==== Extracted information
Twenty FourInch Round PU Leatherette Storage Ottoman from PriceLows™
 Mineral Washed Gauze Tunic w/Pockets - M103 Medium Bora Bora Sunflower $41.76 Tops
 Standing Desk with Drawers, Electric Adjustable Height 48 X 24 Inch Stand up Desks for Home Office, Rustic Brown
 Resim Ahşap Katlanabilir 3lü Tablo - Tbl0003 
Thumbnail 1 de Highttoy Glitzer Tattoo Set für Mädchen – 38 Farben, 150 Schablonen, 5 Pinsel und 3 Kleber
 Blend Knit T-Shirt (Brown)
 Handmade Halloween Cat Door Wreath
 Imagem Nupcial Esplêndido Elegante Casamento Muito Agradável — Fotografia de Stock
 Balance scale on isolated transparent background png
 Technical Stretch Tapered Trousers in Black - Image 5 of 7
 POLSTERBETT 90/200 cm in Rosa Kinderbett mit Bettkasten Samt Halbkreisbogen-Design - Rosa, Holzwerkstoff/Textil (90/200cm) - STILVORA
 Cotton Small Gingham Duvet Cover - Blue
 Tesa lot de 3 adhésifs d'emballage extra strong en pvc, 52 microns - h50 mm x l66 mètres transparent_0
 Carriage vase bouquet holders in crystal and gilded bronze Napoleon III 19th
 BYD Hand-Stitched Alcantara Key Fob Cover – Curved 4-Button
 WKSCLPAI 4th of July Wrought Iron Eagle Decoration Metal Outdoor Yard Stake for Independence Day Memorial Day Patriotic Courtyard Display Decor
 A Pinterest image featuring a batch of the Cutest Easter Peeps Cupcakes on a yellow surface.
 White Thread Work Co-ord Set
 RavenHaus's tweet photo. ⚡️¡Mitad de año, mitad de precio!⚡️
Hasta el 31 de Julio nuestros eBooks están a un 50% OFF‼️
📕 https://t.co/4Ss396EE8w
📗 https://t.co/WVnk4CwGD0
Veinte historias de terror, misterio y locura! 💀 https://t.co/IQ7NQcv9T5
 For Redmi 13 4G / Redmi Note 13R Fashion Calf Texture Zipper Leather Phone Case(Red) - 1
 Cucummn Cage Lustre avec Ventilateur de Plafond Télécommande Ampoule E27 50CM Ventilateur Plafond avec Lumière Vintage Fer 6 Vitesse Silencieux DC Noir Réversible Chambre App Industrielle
========
Aim of the task:
Within the entries above, find every line where the string "Cover" occurs, and copy it.

Completed task:
 Cotton Small Gingham Duvet Cover - Blue
 BYD Hand-Stitched Alcantara Key Fob Cover – Curved 4-Button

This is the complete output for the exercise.